La Marseillaise, après être un hymne, est un symbole. À l’avènement du premier conflit mondial, Edmond Rostand est accablé par le fait que sa santé fragile ne lui ouvre pas le chemin des batailles qui lui permettraient de défendre sa patrie. Il va soutenir les poilus et va poétiser leurs conditions en soutenant patriotiquement le peuple français et son odyssée.
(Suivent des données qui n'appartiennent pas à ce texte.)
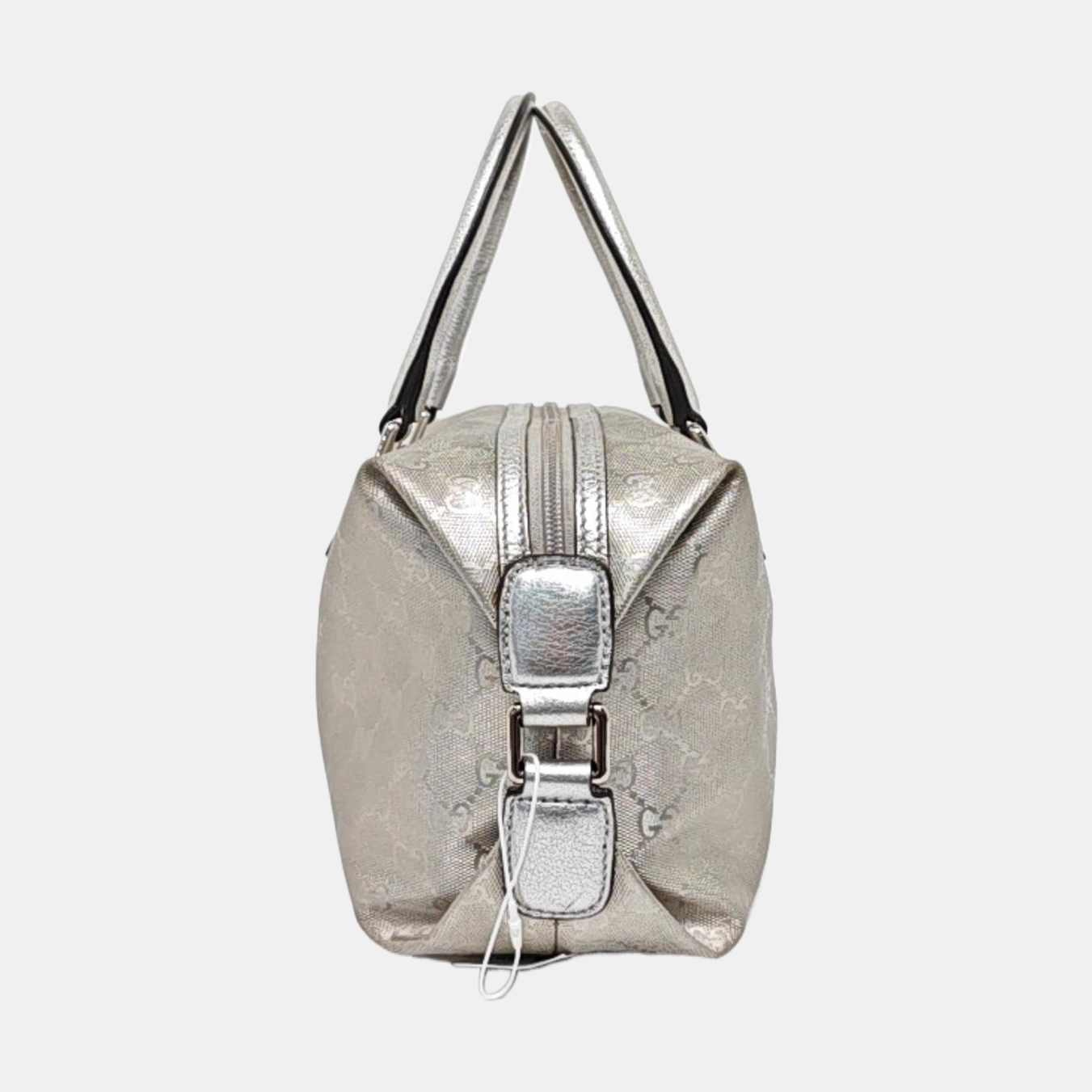 GUCCI Guccissima Silver Coated Canvas Monogram Handbag Single Shoulder Bag Silver Hardware-(SKU)-960541171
Le Vol de la Marseillaise est à la fois le titre d’un poème mais aussi celui du recueil dans lequel figure ce même poème. On y trouve un Edmond certes lyrique, mais beaucoup plus solennel, quoique toujours aussi déterminé. Étrange, quand on sait qu’à cette époque précise, le temps des amours avec Rosemonde est révolu.

Rostand sur les ruines après les combats, coll Villa Arnaga


Mais il prévient : il défendra ses idées, écrivant des vers magnifiques tels que « Le sombre ça ira qui piétine, c’est vrai, / N’est qu’un bruit de sabots qui demandent des ailes ». Ce qui retient particulièrement notre attention dans ce recueil, en plus de l’exhortation patriotique évidente, c’est que cet hymne qu’est La Marseillaise métaphorise le pays.

La Marseillaise, c’est l’orgueil de la France, c’est sa passion. Et pour que sa passion tonitrue, il faut que le peuple puisse s’y référer. Raison pour laquelle le poète insère systématiquement des références folkloriques des pays qu’il évoque. Citons un exemple en particulier. Quand l’Allemagne n’est pas ramenée à Goethe ou à Van Beethoven – compositeur romantique faut-il le rappeler ? – qui chancelle en entendant le tocsin d’une ville en feu1, c’est Victor Hugo qui vient rappeler que « le chant des astres manquent »2 dans une France qui ploie sous la tristesse et la colère contre l’ennemi.

1Voir le poème « Van Beethoven », p.511

2Fait référence au poème épique non-achevé « La fin de Satan », écrit par Victor Hugo.